In order to form an effective barrier layer, the material must not interact with solder, must be able to be produced in layers that are free of defects and must act as a good diffusion barrier layer against solder. The barrier layer must also not be wettable by solder so that it can bead up.

Chromium has been found to be an effective barrier layer. It can be evaporated or sprayed, with the spraying method being preferred as it gives a better low voltage coating, good coverage of topographical steps and good adhesion. Titanium can be a suitable alternative metallization layer to chromium.

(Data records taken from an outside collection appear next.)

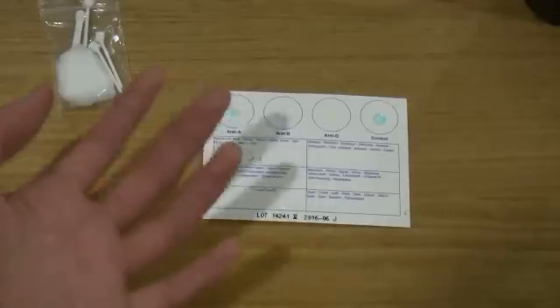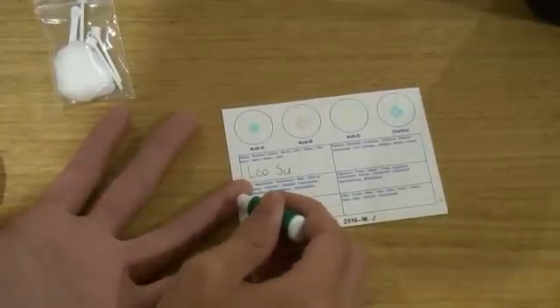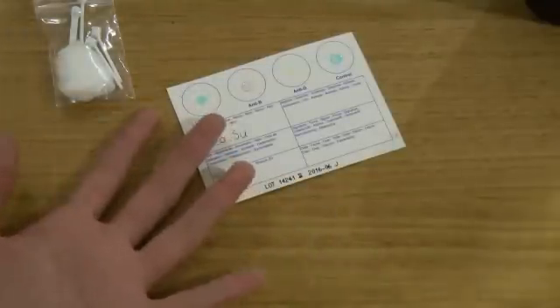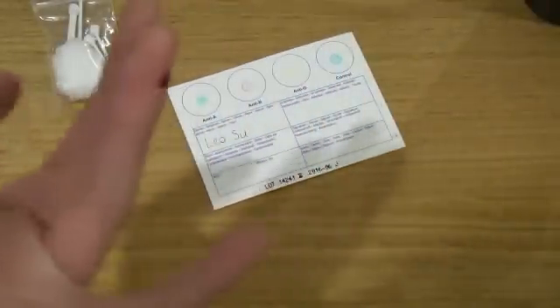And now it's the scary bit where I have to prick my finger. It says to put your hand down, and then you just place it near there and press down. That actually didn't hurt that much — it felt like a stinging pain. And as you can see, blood is coming out.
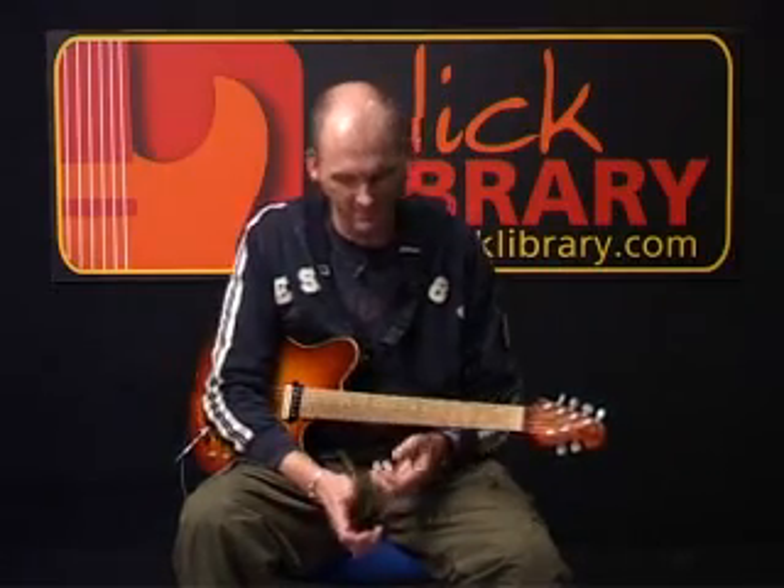Now we're going to delve into the final solo section, which appears after another chorus. Incidentally, during the final chorus, there is a section where the E7 sharp 9 chord is held. Gary is just playing some single note ideas around the A minor pentatonic, so feel free to improvise.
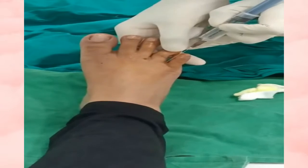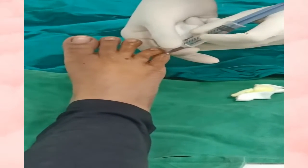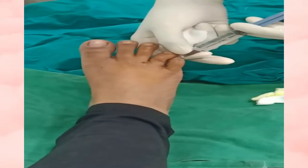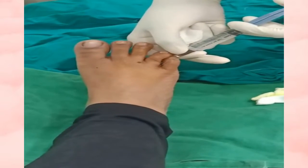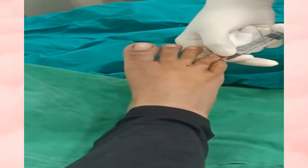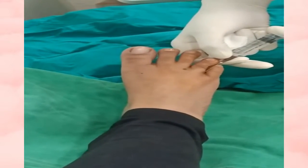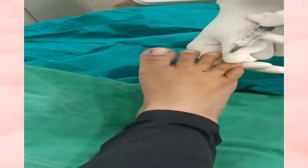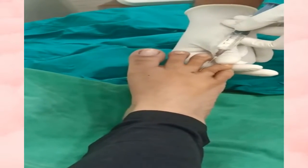We plan to relocate the fracture by anesthetizing the toe using 2% lignocaine. The lateral plantar nerves are first injected, then the medial plantar nerve is anesthetized.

The use of barrier metal technology has meant that it has been possible to exploit flip-chip solder connections for MMIC devices using Au as the trace material. Working devices have been made by bonding a GaAs IC containing active elements to hybrid circuits on alumina and other ceramic microwave substrates carrying interconnects and frequency selection elements by the flip-chip bonding technique.

Claims (2)

1. A method of making a flip chip solder connection device, comprising the steps of providing a III-V semiconductor substrate (40) forming on the substrate a metallization layer (42) of a metal selected from the group consisting of gold, silver and copper, forming on the metallization layer a barrier layer (44) of a solder wettable metal selected from the group consisting of chromium, titanium, tungsten and titanium tungsten, forming wettable solder pads (46) on the barrier layer (44), and then forming on each of these wettable solder pads (46) a raised pad of solder (48) having larger lateral dimensions than the respective wettable solder pads (46). 2. The method of claim 1, wherein a separate barrier metallization region of the non-solder wettable metal is provided for each wettable solder pad of an array of wettable solder pads formed on the substrate, each barrier metallization region being dimensioned to receive the wettable solder pad.